[Bug 516339] New: mysqld regularly crashes
http://bugzilla.novell.com/show_bug.cgi?id=516339 Summary: mysqld regularly crashes Classification: openSUSE Product: openSUSE 11.0 Version: Final Platform: x86-64 OS/Version: Other Status: NEW Severity: Critical Priority: P5 - None Component: Other AssignedTo: bnc-team-screening@forge.provo.novell.com ReportedBy: per.jessen@enidan.com QAContact: qa@suse.de Found By: --- User-Agent: Mozilla/5.0 (X11; U; Linux x86_64; en-GB; rv:1.8.1.6) Gecko/20070730 SUSE/2.0.0.6-25 Firefox/2.0.0.6 I'm not sure where this report really belongs, but as I am running an openSUSE built mysql binary I thought I'd start here. Not quite every day but perhaps 3-4 times a week, my mysql server crashes. It happens at roughly the same time every day, during some morning batch processing. Usually the table 'quarantine_archive' will need repairing, but not always. It has some 38 million rows. The batchjob that is running does a few hundred queries like this: mysql -Ddb_spamchek -h localhost -u spamchek_batch --password=spamchek -s -B -e "INSERT IGNORE INTO quarantine_archive SELECT * FROM quarantine WHERE state=1 AND domain='example.com'; DELETE FROM quarantine WHERE state=1 AND domain='example.com'" They're not running in parallel, but one-by-one. I'll attach the mysqld.log and some hardware info. Reproducible: Sometimes -- Configure bugmail: http://bugzilla.novell.com/userprefs.cgi?tab=email ------- You are receiving this mail because: ------- You are on the CC list for the bug.
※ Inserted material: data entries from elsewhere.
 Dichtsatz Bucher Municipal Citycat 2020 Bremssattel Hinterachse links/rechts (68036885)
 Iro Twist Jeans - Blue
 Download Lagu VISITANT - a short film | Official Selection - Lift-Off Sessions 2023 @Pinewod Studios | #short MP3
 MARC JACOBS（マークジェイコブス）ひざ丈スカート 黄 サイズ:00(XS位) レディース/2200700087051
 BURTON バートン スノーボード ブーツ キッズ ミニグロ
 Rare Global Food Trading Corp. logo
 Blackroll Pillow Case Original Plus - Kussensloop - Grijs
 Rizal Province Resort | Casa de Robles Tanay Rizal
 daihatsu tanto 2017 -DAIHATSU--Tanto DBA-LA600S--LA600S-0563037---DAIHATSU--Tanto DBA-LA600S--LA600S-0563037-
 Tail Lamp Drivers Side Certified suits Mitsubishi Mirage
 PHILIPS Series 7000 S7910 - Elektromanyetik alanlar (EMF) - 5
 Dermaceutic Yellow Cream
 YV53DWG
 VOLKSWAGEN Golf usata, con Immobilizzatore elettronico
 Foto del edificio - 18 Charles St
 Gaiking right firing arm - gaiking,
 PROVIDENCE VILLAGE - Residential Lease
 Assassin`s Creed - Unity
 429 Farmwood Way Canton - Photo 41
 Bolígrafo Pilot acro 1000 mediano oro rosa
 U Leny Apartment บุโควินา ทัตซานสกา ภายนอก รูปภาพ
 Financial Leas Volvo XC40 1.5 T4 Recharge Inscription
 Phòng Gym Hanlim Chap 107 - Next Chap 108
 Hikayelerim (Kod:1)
http://bugzilla.novell.com/show_bug.cgi?id=516339 User per.jessen@enidan.com added comment http://bugzilla.novell.com/show_bug.cgi?id=516339#c1 --- Comment #1 from Per Jessen <per.jessen@enidan.com> 2009-06-25 01:17:18 MDT --- Created an attachment (id=300276) --> (http://bugzilla.novell.com/attachment.cgi?id=300276) mysqld log file I have replaced the actual domain names with 'example.com'. -- Configure bugmail: http://bugzilla.novell.com/userprefs.cgi?tab=email ------- You are receiving this mail because: ------- You are on the CC list for the bug.
http://bugzilla.novell.com/show_bug.cgi?id=516339 User per.jessen@enidan.com added comment http://bugzilla.novell.com/show_bug.cgi?id=516339#c2 --- Comment #2 from Per Jessen <per.jessen@enidan.com> 2009-06-25 01:19:59 MDT --- Created an attachment (id=300279) --> (http://bugzilla.novell.com/attachment.cgi?id=300279) output from hwinfo -all -- Configure bugmail: http://bugzilla.novell.com/userprefs.cgi?tab=email ------- You are receiving this mail because: ------- You are on the CC list for the bug.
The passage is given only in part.